Reds urged to fight for stalled bill
Former prime minister Thaksin Shinawatra heightened political tensions Saturday by urging his red shirt supporters not to accept what he referred to as another attempt to usurp power from the people.
- Published: 3/06/2012 at 12:00 AM
- Newspaper section: topstories
TRUTH SATURDAY: Thousands of red shirt supporters cheer as they listen to former prime minister Thaksin Shinawatra address them via a video link at Muang Thong Thani in Nonthaburi. The red shirts celebrated the fifth anniversary of their television programme Truth Today Saturday. PHOTO: APICHIT JINAKUL
In a fiery speech to red shirts gathered at the Thunder Dome, Impact Muang Thong Thani in Nonthaburi, Thaksin said the Constitution Court's suspension of the charter amendment bill debate was an attempt to destroy the government.
"Are you going to let them steal our power again?" he said via a video link from an undisclosed location.
"We cannot trust the situation now since they still won't play by the rules.
- See also: Pheu Thai blasts Constitution Court
"I had earlier thought reconciliation would happen soon, but it won't."
The red shirts were attending an event to mark the United Front for Democracy against Dictatorship's fifth anniversary of their television programme Truth Today.
UDD leaders took the stage to attack the charter court's order and the opposition to the reconciliation bills led by the Democrat Party and the yellow shirt People's Alliance for Democracy.
Thaksin said the Constitution Court's order for the House to suspend vetting of the charter amendment bill marked a new effort to take power back from the people after the 2006 coup that toppled his government.
The charter court on Friday resolved to review complaints over whether the bill was constitutional.
The judges ordered parliament to suspend the deliberation of the bill, scheduled for a third and final reading on Tuesday.
"It now depends on the House speaker [Somsak Kiatsuranont] whether he will follow or defy the court's order," Thaksin said.
He said some people were trying to destroy the Pheu Thai-led government, which had been working hard for the people.
"They should know that hurting Pheu Thai means hurting the Thai people who chose us," Thaksin said.
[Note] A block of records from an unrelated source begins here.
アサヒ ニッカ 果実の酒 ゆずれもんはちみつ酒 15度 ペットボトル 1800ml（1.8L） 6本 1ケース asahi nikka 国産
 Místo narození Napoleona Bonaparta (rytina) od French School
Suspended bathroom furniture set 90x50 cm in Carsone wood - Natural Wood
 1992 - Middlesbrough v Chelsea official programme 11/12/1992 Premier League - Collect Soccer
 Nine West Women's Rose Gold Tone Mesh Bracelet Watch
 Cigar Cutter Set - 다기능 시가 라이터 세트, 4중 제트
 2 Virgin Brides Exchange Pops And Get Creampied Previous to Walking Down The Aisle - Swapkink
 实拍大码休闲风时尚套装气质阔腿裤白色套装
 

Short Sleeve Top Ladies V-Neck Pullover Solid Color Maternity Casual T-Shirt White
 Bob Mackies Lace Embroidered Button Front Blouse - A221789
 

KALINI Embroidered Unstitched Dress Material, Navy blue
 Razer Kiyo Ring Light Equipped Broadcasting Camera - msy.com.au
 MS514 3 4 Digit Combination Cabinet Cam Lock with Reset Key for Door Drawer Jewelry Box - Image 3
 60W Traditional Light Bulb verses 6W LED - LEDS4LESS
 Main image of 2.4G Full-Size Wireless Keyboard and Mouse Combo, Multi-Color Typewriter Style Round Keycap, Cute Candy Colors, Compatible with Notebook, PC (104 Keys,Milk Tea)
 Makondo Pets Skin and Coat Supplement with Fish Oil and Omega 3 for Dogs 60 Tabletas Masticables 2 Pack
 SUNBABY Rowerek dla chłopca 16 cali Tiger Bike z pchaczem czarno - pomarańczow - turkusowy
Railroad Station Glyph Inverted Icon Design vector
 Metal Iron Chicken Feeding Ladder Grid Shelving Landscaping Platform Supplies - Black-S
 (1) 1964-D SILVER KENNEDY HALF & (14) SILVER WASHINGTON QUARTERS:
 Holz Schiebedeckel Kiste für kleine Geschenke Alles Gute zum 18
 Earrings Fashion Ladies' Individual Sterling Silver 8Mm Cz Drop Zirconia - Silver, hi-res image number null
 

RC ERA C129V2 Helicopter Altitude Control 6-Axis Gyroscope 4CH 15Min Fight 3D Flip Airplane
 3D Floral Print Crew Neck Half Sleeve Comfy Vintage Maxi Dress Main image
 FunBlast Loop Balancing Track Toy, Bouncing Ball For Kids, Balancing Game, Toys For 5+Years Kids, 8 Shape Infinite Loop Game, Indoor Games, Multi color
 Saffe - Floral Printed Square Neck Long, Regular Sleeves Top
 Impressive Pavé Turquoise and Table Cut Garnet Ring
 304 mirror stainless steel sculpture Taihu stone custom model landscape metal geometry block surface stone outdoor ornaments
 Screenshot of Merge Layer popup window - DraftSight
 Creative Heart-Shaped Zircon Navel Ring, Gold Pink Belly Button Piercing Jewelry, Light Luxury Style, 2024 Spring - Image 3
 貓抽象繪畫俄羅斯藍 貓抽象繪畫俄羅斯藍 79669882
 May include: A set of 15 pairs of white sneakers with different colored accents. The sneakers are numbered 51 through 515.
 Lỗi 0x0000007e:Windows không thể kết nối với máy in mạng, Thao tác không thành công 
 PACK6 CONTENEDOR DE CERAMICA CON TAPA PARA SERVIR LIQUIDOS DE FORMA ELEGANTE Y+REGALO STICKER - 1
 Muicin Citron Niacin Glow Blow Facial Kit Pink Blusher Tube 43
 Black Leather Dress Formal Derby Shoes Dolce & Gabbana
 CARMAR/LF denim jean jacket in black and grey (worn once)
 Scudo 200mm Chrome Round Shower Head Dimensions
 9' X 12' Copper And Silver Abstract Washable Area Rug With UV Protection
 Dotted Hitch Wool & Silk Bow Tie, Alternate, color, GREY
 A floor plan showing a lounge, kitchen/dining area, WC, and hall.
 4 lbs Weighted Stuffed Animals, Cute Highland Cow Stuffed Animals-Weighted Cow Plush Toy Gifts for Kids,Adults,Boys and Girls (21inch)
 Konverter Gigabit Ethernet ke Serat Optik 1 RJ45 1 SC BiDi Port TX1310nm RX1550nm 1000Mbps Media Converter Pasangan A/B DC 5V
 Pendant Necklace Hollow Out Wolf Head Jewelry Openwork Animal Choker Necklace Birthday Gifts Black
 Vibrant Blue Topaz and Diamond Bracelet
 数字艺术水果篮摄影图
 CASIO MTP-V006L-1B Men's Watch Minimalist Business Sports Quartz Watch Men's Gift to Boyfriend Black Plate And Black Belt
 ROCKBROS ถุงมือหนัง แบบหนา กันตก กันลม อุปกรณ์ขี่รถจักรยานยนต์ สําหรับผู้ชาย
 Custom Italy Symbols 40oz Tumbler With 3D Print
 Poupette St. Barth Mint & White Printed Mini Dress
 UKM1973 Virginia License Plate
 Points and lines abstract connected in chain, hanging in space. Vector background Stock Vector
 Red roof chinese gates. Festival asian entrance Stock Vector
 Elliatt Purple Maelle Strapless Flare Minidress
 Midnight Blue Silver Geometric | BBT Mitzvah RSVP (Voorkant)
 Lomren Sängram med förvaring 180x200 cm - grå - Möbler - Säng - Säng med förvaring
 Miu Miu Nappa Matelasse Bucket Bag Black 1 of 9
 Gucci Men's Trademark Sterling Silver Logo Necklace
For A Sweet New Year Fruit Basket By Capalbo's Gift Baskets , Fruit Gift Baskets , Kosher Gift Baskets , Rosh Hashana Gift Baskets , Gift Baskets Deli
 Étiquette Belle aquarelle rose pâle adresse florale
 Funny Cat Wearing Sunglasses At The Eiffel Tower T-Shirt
He insisted the 46 billion baht seized from him after the coup had been legally obtained.
The coup-appointed Assets Scrutiny Committee's investigation led to the Supreme Court ruling in 2010 to seize the money after finding the former premier had abused his power to benefit his family's telecom business.
"I had 86 billion baht worth of assets before I entered politics, but they stole 46 billion from me," Thaksin said.
The delay in considering the bill was confirmed by Deputy House Speaker Charoen Chankomon and House of Representatives secretary-general Pitoon Phumhiran Saturday.
On Friday a large number of the bill's opponents rallied outside the parliament, claiming it was intended purely to help Thaksin return home a free man and recoup the 46 billion baht in seized assets.
Government chief whip Udomdej Rattanasathien denied Pheu Thai was trying to push the bill through in haste.
Pheu Thai spokesman Prompong Nopparit Saturday said postponing this week's House session showed the ruling party was willing to take its time.
Prime Minister Yingluck Shinawatra reiterated in her weekly talk programme Saturday that national reconciliation procedures should be ironed out in parliament.
However, she maintained the people's opinions must be considered.
"No one wants to go with what society can't accept," Ms Yingluck said.
The PAD Saturday announced it had cancelled a protest set for Tuesday, but told its yellow shirt supporters to be on standby.
The multi-coloured shirts group also put off a Tuesday gathering but vowed to regroup immediately if the bill is put beore the House.